TASK TO COMPLETE:
Exactly the lines from the one containing "12 months post-procedure: Top view" through the end of the data below are to be reproduced, and nothing besides them.

BEGIN

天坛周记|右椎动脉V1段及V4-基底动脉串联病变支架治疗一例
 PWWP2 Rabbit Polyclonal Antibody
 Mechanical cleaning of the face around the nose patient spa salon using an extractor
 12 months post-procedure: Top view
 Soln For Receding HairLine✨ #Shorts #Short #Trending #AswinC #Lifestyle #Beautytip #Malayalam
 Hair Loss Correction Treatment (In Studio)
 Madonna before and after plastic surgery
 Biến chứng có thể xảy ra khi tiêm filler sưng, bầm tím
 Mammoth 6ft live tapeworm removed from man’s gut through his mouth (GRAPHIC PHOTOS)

END

SOLUTION TO THE PROBLEM:
 12 months post-procedure: Top view
 Soln For Receding HairLine✨ #Shorts #Short #Trending #AswinC #Lifestyle #Beautytip #Malayalam
 Hair Loss Correction Treatment (In Studio)
 Madonna before and after plastic surgery
 Biến chứng có thể xảy ra khi tiêm filler sưng, bầm tím
 Mammoth 6ft live tapeworm removed from man’s gut through his mouth (GRAPHIC PHOTOS)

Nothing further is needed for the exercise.